MirrorCode is a new coding benchmark from Epoch AI and METR that asks a harder question than whether an AI model can patch a bug or solve a short programming challenge. It tests whether models can rebuild complete programs from scratch, without access to the original source code, and match the original behavior closely enough to pass hidden end-to-end tests.
The results show both real progress and clear limits. Claude Opus 4.7 leads the benchmark, while every tested model still fails on the most complex tasks.
What MirrorCode Measures
MirrorCode is built around 25 target programs. The programs span Unix utilities, data serialization, bioinformatics, interpreters, static analysis, cryptography, and compression.
The task is not simply to write code that looks plausible. Each AI-generated solution must reproduce the output of the original program. That includes tests the model does not see while it is developing its answer.
This makes the benchmark a test of sustained software reconstruction. A model has to infer how a program should behave, implement that behavior, and keep working across a larger codebase than typical coding tests require.
MirrorCode also differs from many software engineering benchmarks in the amount of compute it allows. The source describes existing benchmarks as often limiting task costs to $1 to $10, even when a human might need weeks for a comparable job. MirrorCode includes much larger runs.
The 19-Day Run Shows the Scale
One of the largest MirrorCode tasks cost $2,600 for a single run, according to Epoch AI. The AI worked continuously for 19 days with no human involvement.
That detail matters because it changes the frame for evaluating AI coding systems. A short benchmark can show whether a model can solve compact tasks. A long run tests whether the model can keep making progress when the work stretches across many steps, files, and decisions.
The benchmark therefore sits closer to the kind of software work where persistence matters. A program has to be rebuilt as a working whole, not just answered as a prompt.
But the result also shows that more time and money do not automatically solve the hardest cases. The largest tasks in MirrorCode remain unsolved by all tested models.
Claude Opus 4.7 Leads the Field
Claude Opus 4.7 is the top performer reported in the source, with a 56 percent solve rate. GPT-5.5 follows at 44 percent, and Gemini 3.1 Pro Preview reaches 32 percent.

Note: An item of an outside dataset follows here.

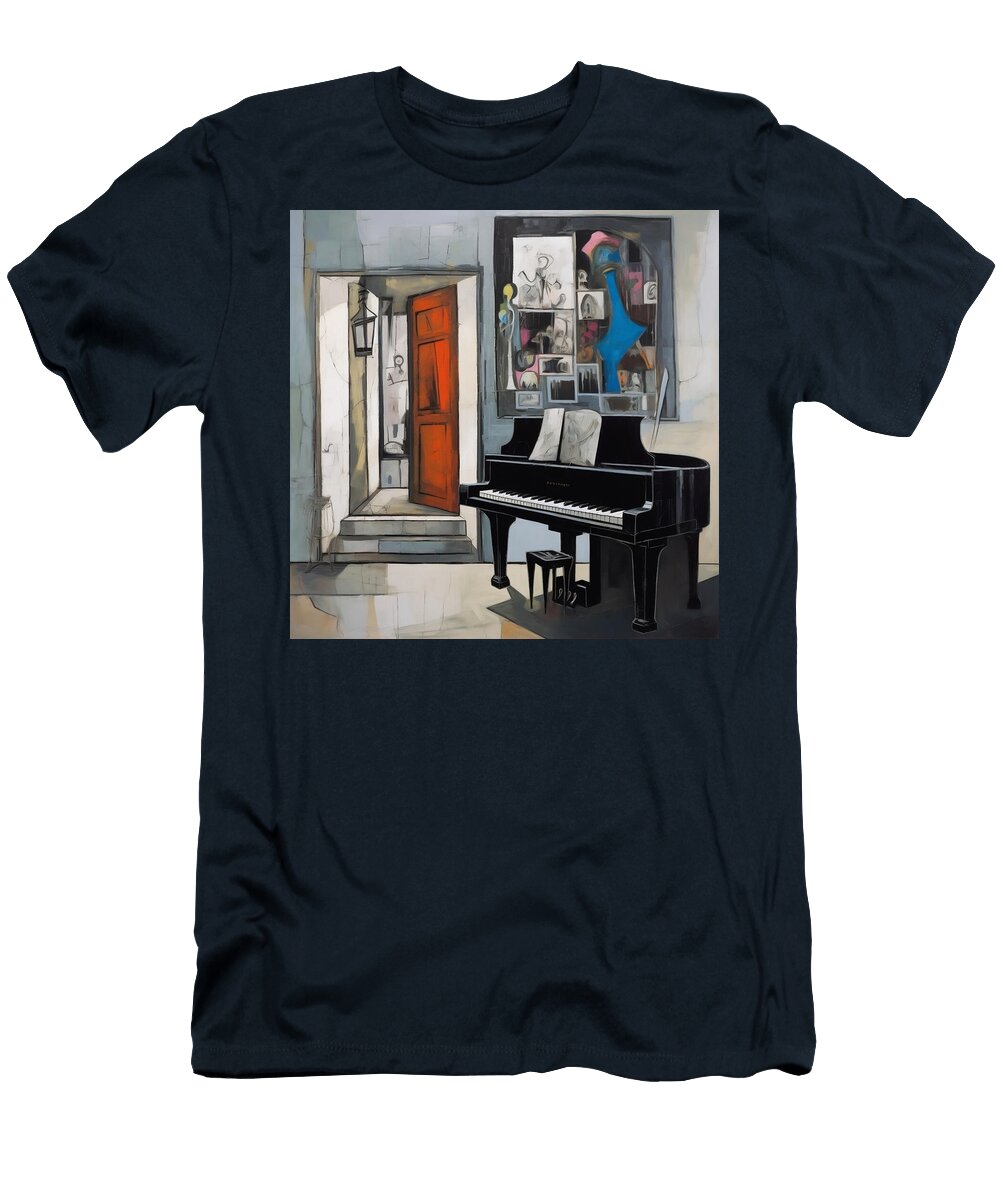 3 Ais Chromatic Sonata Abstract Piano Vibrations in Bold Street Art Hues Olfactoart Studio T-Shirt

The strongest example is Claude Opus 4.7 reimplementing gotree, a bioinformatics toolkit. The toolkit has roughly 16,000 lines of Go code and over 40 commands.
Epoch AI says a human engineer working without AI help would need 2 to 17 weeks for that same job. Claude Opus 4.7 finished in 14 hours for $251.
That does not mean the benchmark is solved. Even when models fail to fully reimplement a program, they typically pass 90 percent or more of the tests. In practical terms, that is impressive and still incomplete. Passing most tests is not the same as reproducing a whole program correctly.
Where The Models Still Break
MirrorCode divides tasks into small, medium, and large categories. Small programs such as uuid or parseqsv are reliably reimplemented by all tested models.
The largest tasks are different. They beat every model tested, which shows that current AI coding systems still struggle when the target program becomes sufficiently complex.
The researchers are seeing rapid gains, however. Epoch AI says leading models from a year ago would have scored only about 30 percent and would have been limited to simpler programs such as a calendar utility.
Cost is not moving in a simple direction. GPT-5.5 costs three times as much as GPT-5 for the same tasks, while Claude Opus 4.7 runs three times cheaper than Claude Opus 4.1.
That mixed cost picture is important for anyone comparing models on long software tasks. A higher score, a lower bill, and a faster run do not always arrive together.
Open Source Targets Come With A Caveat
Epoch AI has open-sourced the scaffold and 22 of the 25 target programs. The released set covers 132 task instances across six programming languages. Three programs are kept private for testing.
There is one major caveat. MirrorCode uses open-source programs as targets, so the models may have encountered the original code during training.
the results were not dominated by memorization, but we cannot rule out the possibility that memorization contributes to AI performance
That caveat does not erase the benchmark results, but it affects how they should be read. MirrorCode is evidence that models can perform long, demanding programming work under these conditions. It is not proof that they always reasoned out every implementation from first principles.
The clearer takeaway is narrower and more useful: AI coding systems are becoming capable of rebuilding sizable programs, sometimes quickly and at notable cost, but the most complex reconstruction tasks still expose hard limits.